This is exactly what I’ve been waiting for. Thanks for working this out!

1 Like

In my latest revision I’m doing that as I do agree that it saves quite some visual clutter for the most common cases.

I’ve also changed the rule with the double underscore, because I think it didn’t communicate well that there was a special line in the pipeline that shoudn’t affect the result.

Now there is a @! fake-macro that when prefacing a line disables the auto-first-arg insertion and also takes the line out of the pipeline. The _ still works.

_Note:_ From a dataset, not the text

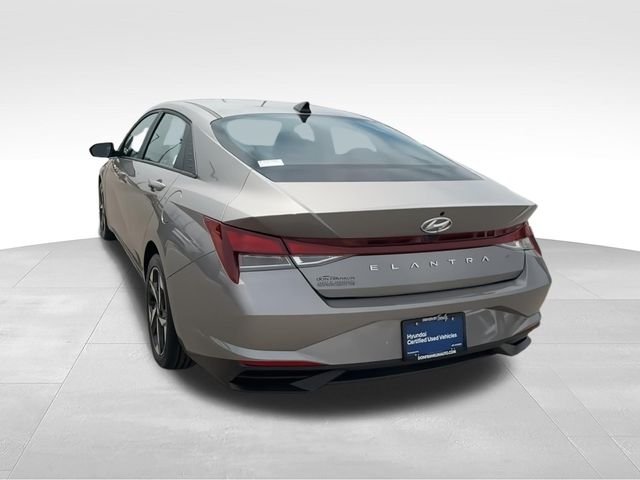 Used 2023 Silver Hyundai SEL image 7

So one can write the upper example like this, note the inserted display command. I find things like that very useful for debugging, your mileage may vary :wink:

result = @_ df begin
    filter(r -> r.trial_type === "looped-audio-image-form", _)
    select([:subject, :checkboxes])
    groupby([:subject, :checkboxes])
    combine(:checkboxes => ByRow(extract_checkboxes) => AsTable)
    @! display(first(_, 5)) # have a peek at the first 5 rows here for debugging
    select(Not(:checkboxes))
    flatten([:group, :image, :checked])
    groupby([:group, :image])
    combine(:checked => sum)
    sort([:group, order(:checked_sum, rev = true)])
    groupby(:group)
end

The nice side effect is that one is forced to @! mark every line where one is not using the replacement mechanism, either implicit first argument or explicit with _. That means there is less danger of sticking a line in there that influences the result unexpectedly.

3 Likes

I was sure I had seen something like this already, and actually Lazy.jl had the @_ macro. It looks like it was introduced here. I’m not completely sure why it was removed (maybe it had issues with the all-underscore identifier used as rvalue deprecation), but I’m glad it came back in PipelessPipes.

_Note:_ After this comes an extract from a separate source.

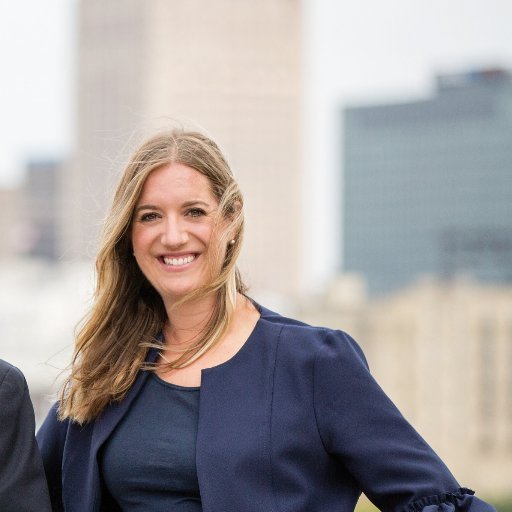 l_richards's profile picture. CEO @MuellerComm • Fan of all things #MKE • Lemonade maker 🍋💪🏼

Registered it now, and updated the first post to reflect that

1 Like

Nice! With the addition of implicit-first-argument piping, I think this implements all the features that I want in a piping macro. I argued for something similar in DataFramesMeta.

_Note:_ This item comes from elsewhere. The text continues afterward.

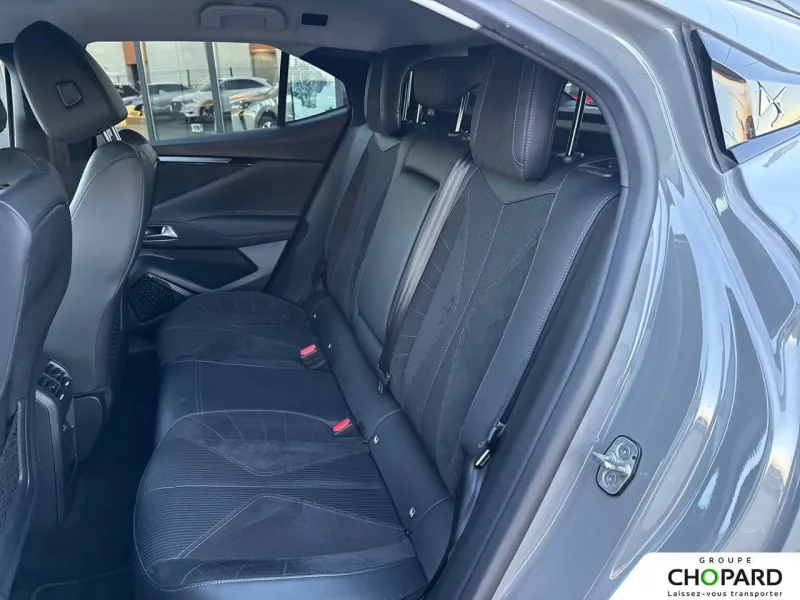 Image secondaire du véhicule 12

This is slightly off-topic, but when I do use Pipe.jl or Hose.jl, I like to write the pipes like this:

using DataFrames.jl
using Hose.jl

df = DataFrame(a = repeat(1:5, outer = 20),
               b = repeat(["a", "b", "c", "d"], inner = 25),
               x = repeat(1:20, inner = 5))

out = @hose (
    df
    |> @transform(y = 10 * :x)
    |> @where(:a .> 2)
    |> @by(:b, meanX = mean(:x), meanY = mean(:y))
    |> @orderby(:meanX)
    |> @select(:meanX, :meanY, var = :b)
)

There is less noise from the piping operators when they are all lined up. :slightly_smiling_face:

1 Like

Absurd how few lines of code are necessary to make a package like this! Was surprised when I looked at the source.

5 Likes

I guess I’m a little late with this comment, since you’ve already registered the package, but @chain is available. If you named the package Chain.jl, then we would have Pipe.jl, Hose.jl, and Chain.jl. :slight_smile:

Yeah no kidding! A better programmer than me would probably need even less, but I tend towards legible verbosity :wink:

That’s also a good idea, technically I still have 3 days to change it :man_shrugging:

1 Like

PipelessPipes is not a bad name, but I think Chain is more pithy. Also, @chain is more descriptive than @_. I vote for changing the name to Chain.jl. :smiley:

2 Likes

Yeah I actually agree with that, I think @chain is not too bad to type either, I couldn’t think of something similarly short at the time. I’ll see if I can change it

5 Likes

Personally, I would just use Chain.jl once all the bugs are fixed.

The presumptive bugs or all the bugs you found already? :beetle::bug::ant:

1 Like